College sports as you know changed forever over three weeks in July, and the reasons why were two developments involving money. One of them, the ability of college athletes to profit from the use of their name, image or likeness is positive. The other — plans by Texas and Oklahoma to join the SEC — is not so good.
The second change is the rich-getting-richer on steroids, concentrating most of college football’s elite teams (and the millions that follow them) into one conference. The SEC will soon be so powerful it could actually break away from the NCAA one day and be freed of its annoying oversight. When you’re an 800-pound gorilla, you can do things like that.

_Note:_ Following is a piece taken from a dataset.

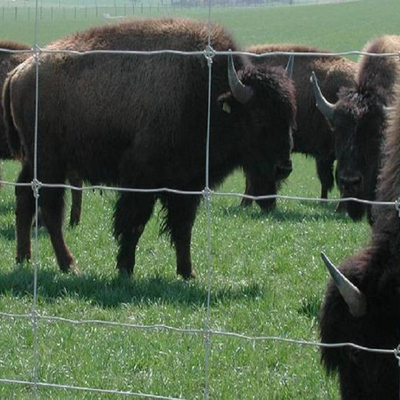 heavy duty fixed knot woven wire field game fence/ Galvanized Sheep Farm Fence Factory Price/ 2.2mm 2.5mm 2.7mm wire far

But first the good news: the U.S. Supreme Court’s decision June 21, which took effect July 1, that college athletes can finally reap some of the windfall created by their exploits. Like actors or pro athletes, they can now make money by licensing the use of their name, image or likeness to any company that can cut a deal with them.
A reform like this had long been sought, and for good reason. College basketball and football (and really, only those two sports) are multibillion-dollar enterprises. Top coaches get paid millions each year, and their top schools rake in tens of millions each year.
Now some of the athletes can hitch a ride on this gravy train. Advertisers, video game companies, clothing manufactures and others will want to make deals, mostly with big-name players. Some of the bigger stars are already cashing in for a phenomenon just beginning.
Alabama sophomore quarterback Bryce Young has already inked deals worth nearly $1 million for the use of his likeness. He is all of 19 and has not technically been named the starter for Nick Saban’s powerhouse. If he has a couple of good years at Bama before he enters the NFL draft, he will already be a multimillionaire.
If deals like that can happen in the first few weeks of this new era, bigger deals will follow with other stars. For the top hundred or so college athletes, each should be able to rake in at least several hundred thousand every year.
Like any big new thing, not all of the change will be good. Some freshmen will sign with the school where an advertiser will offer them the best deal. Some will transfer to other schools for the same reason. Teams that want to keep their stars will encourage boosters or local companies to show them a little love. But capitalism is like that, with unusual winners and losers, so let the financial games begin.
Plans by Texas and Oklahoma to depart the Big 12 for the SEC, which leaked last week, are not so benign. Almost every other college in the nation is disgusted by the power move. Well, except for the other megapowers in the SEC. Again, money is the underlying reason.
Most profitable college sports for 2021
(annual income; all are football)
1. University of Texas at Austin - $112,946,938
2. University of Michigan-Ann Arbor - $74,839,669
3. University of Georgia - $73,865,914
4. University of Notre Dame - $65,308,589
5. University of Nebraska-Lincoln - $59,761,297
6. University of Wisconsin-Madison - $58,230,546
7. Louisiana State University - $56,631,450
8. University of Tennessee-Knoxville - $55,851,736
9. Ohio State University - $55,014,561
10. Pennsylvania State University - $51,595,027
Source: CollegeRaptor.com
The Longhorns and Sooners had been making about $34 million per year in the Big 12, which ain’t too shabby. Once they shift to the SEC, however, that should increase by about $16 million per year. These are already two of the most lucrative football teams in college sports, and it’s like they both won the lottery.
If that were the only result of this seismic shift, college sports could probably suck it up and deal with it. But the new and improved SEC will have so many top-10 teams that it will virtually be a league of its own. The current system of the so-called Power Five conferences could be crumbling before our eyes. Once the dominoes start tumbling, the other conferences will be thinking about adding teams too or forming new alliances.
For now, the SEC remains the big dog. The final four teams in the college football playoffs could be SEC teams, if the powers-that-be let enough of them into the final scramble. And they’d better stay on the SEC’s good side, because the conference could decide one day to leave the NCAA. With complete independence, the SEC could negotiate its own TV deals. Instead of skimming the financial cream of college football, it could guzzle most of the bottle.
None of this has anything to do with traditional rivalries or bowl games. It’s all about cold hard cash. The SEC is quite wealthy now, but it wants more. A few years from now, the landscape of college sports will be completely different from what you and I grew up watching. All of this started happening in the span of three weeks in July. You just saw history unfold, whether you knew it or not.